(DATA)

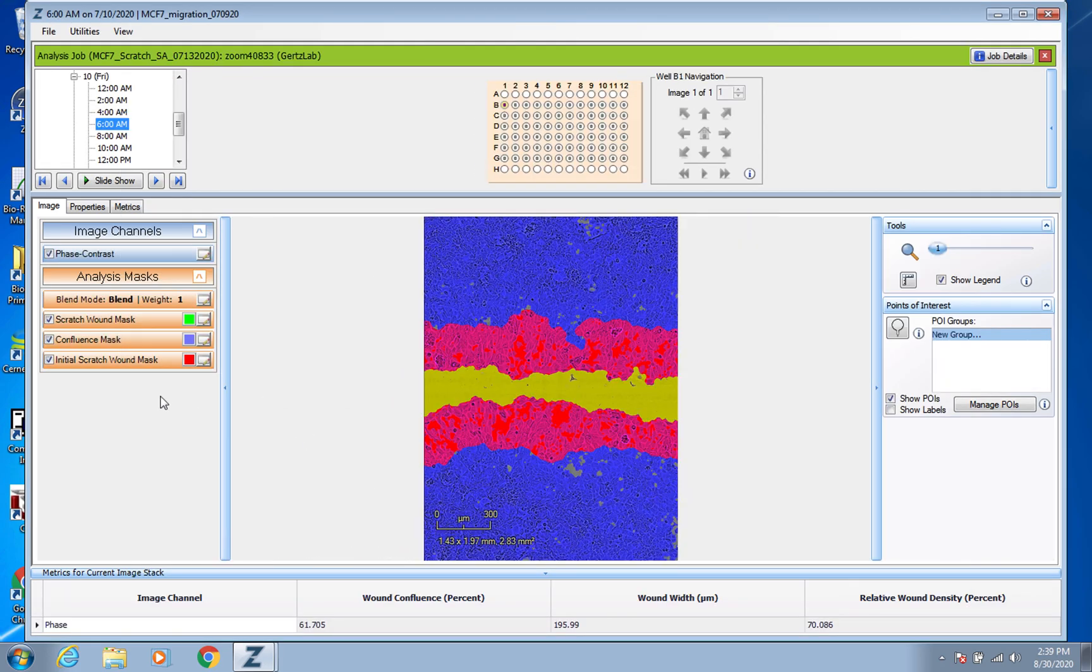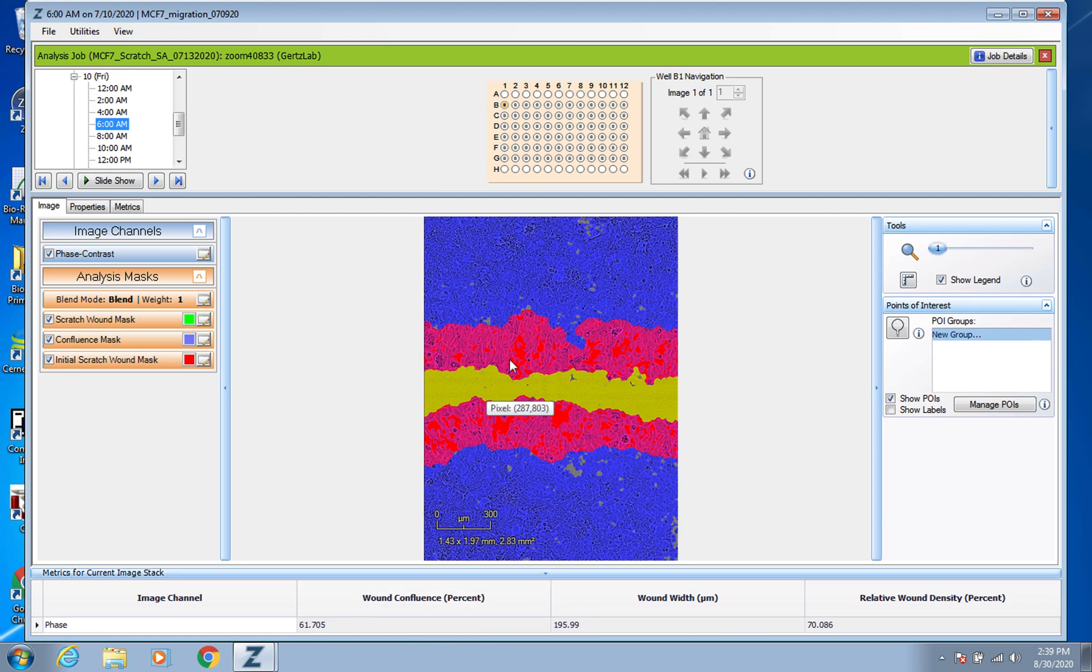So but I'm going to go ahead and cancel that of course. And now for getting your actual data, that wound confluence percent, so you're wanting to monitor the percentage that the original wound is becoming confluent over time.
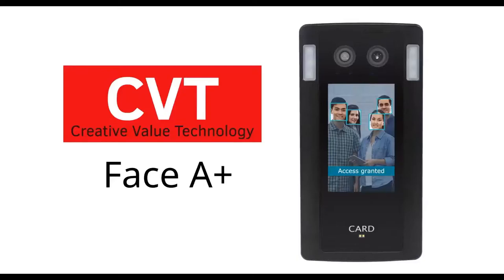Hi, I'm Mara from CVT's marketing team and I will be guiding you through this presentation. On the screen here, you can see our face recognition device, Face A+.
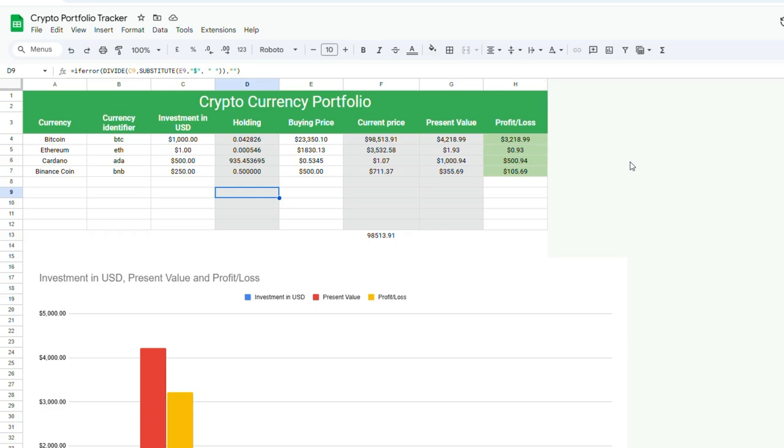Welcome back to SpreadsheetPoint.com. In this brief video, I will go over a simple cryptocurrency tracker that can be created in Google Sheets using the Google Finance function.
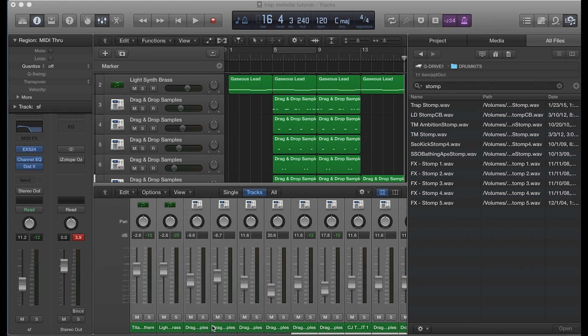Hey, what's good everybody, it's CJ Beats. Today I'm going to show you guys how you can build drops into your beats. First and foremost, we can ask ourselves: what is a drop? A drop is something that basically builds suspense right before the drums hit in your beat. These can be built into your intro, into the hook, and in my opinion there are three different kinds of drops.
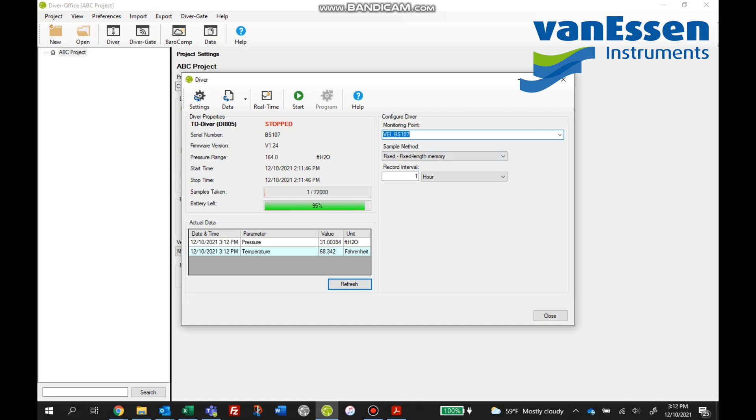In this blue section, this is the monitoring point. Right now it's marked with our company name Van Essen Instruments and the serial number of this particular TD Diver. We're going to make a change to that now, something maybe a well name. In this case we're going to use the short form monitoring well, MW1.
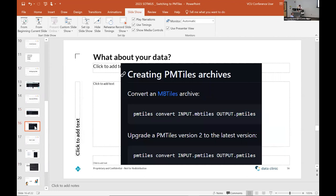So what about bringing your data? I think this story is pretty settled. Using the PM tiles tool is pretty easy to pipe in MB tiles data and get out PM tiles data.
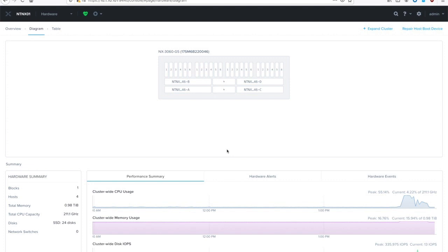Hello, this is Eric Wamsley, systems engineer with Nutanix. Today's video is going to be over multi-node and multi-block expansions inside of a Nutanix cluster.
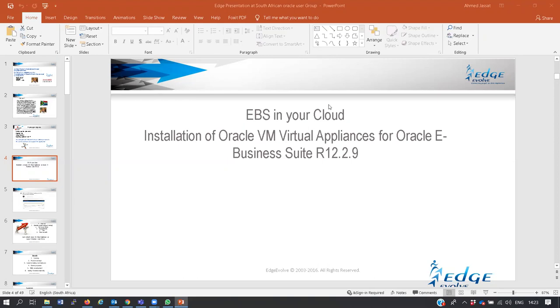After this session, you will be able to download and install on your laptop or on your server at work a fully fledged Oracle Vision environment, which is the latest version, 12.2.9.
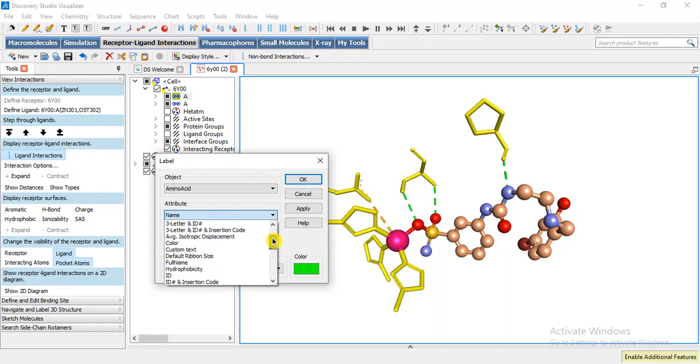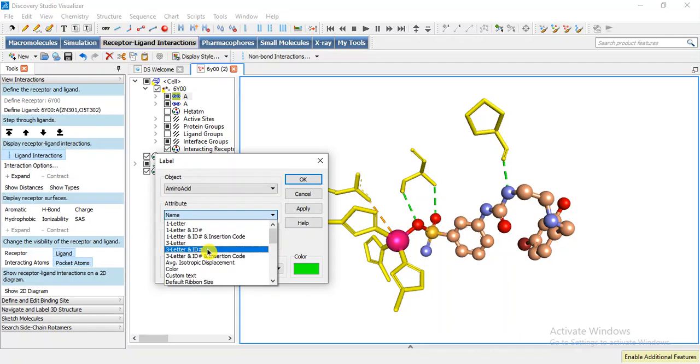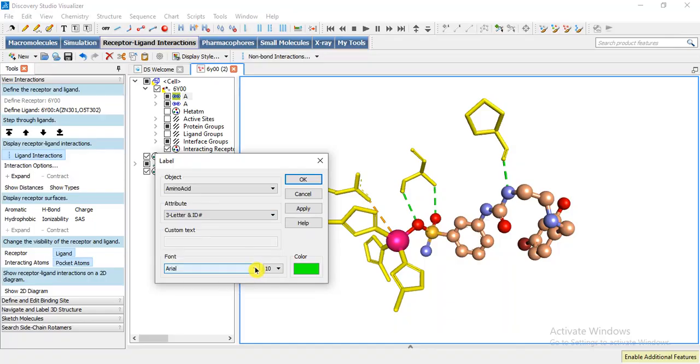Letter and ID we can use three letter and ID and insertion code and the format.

(End DATA)

PROBLEM TO WORK ON: Pictures don't belong in the copy. Restate all the entries exactly.

EXERCISE SOLUTION:
So but I'm going to go ahead and cancel that of course. And now for getting your actual data, that wound confluence percent, so you're wanting to monitor the percentage that the original wound is becoming confluent over time.
Hi, I'm Mara from CVT's marketing team and I will be guiding you through this presentation. On the screen here, you can see our face recognition device, Face A+.
Welcome back to SpreadsheetPoint.com. In this brief video, I will go over a simple cryptocurrency tracker that can be created in Google Sheets using the Google Finance function.
Hey, what's good everybody, it's CJ Beats. Today I'm going to show you guys how you can build drops into your beats. First and foremost, we can ask ourselves: what is a drop? A drop is something that basically builds suspense right before the drums hit in your beat. These can be built into your intro, into the hook, and in my opinion there are three different kinds of drops.
In this blue section, this is the monitoring point. Right now it's marked with our company name Van Essen Instruments and the serial number of this particular TD Diver. We're going to make a change to that now, something maybe a well name. In this case we're going to use the short form monitoring well, MW1.
So what about bringing your data? I think this story is pretty settled. Using the PM tiles tool is pretty easy to pipe in MB tiles data and get out PM tiles data.
Hello, this is Eric Wamsley, systems engineer with Nutanix. Today's video is going to be over multi-node and multi-block expansions inside of a Nutanix cluster.
After this session, you will be able to download and install on your laptop or on your server at work a fully fledged Oracle Vision environment, which is the latest version, 12.2.9.
Letter and ID we can use three letter and ID and insertion code and the format.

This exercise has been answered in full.